A map of New York City shows where it’s sinking and how much, including a hotspot around LaGuardia Airport.

The ground is slowly sinking or deforming beneath all the biggest cities in the US, according to new satellite analysis.

If cities don’t do something about this land-sinking phenomenon, called subsidence, it could damage buildings and infrastructure. It’s already driving flooding in many places.

“We did not expect to see such widespread land subsidence,” Manoochehr Shirzaei, a geophysicist at Virginia Tech, told B-17.

Shirzaei co-authored a study, published Thursday in the journal Nature Cities, using satellites to measure the millimeter-by-millimeter vertical movement of US cities.

He said there was a clear pattern in the data: Urban centers are sinking faster than other areas, and have a greater risk of building damage.
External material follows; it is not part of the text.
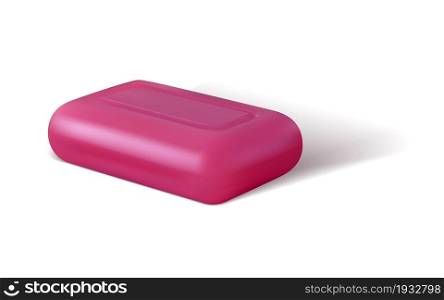 Realistic soap bar for shower. Hygiene cosmetic 3D square product pink color, solid detergent mockup, bathroom toiletry hand washing body care object, vector isolated on white background illustration. Realistic soap bar for shower. Hygiene cosmetic 3D square product pink color, solid detergent mockup, bathroom toiletry hand washing body care object, vector isolated illustration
He found that subsidence is distorting 28 cities — all the places they checked — including Seattle, San Diego, Denver, Dallas, Chicago, and New York City.

About 34 million people live in the affected areas.

The cities depicted in yellow, orange, or red are sinking overall, according to the new study. In the three green cities, less than one-third of the land is sinking.

Uneven sinking can damage cities

Sinking can directly boost flooding, since coastal cities get lower while sea levels rise around them. Even inland, it can create new troughs in the land that pool stormwater.

Take Houston, which was the fastest-sinking city in the new study, with 40% of its land area sinking five millimeters each year and some areas sinking two inches per year. Shirzaei’s previous research found that subsidence had left standing water in some unexpected parts of the city after Hurricane Harvey.

Rising floodwaters swamped neighborhoods in Houston during Hurricane Harvey in 2017.

The risks are especially high, though, in places where sinking is happening unevenly within a small area.

When part of the ground sinks slower, or even rises while the spot just next to it sinks, that puts a lot of strain on whatever is built there.

At New Orleans’ Louis Armstrong International Airport, the differential sinking has already cracked pavement and left huge puddles on the plane taxiway.

In the worst-case scenario, uneven subsidence could tilt buildings, crack foundations, and hobble bridges.

Sinking alone “would not probably cause a significant risk, but when it compounds with other hazards — flood and storms and winds or poor maintenance or poor construction code — then that can be deadly and result in building failure,” Shirzaei said.

Hotspots of risk to 29,000 buildings

About 29,000 buildings are at risk, the study found, even though uneven subsidence only affects about 1% of the land area in the studied cities.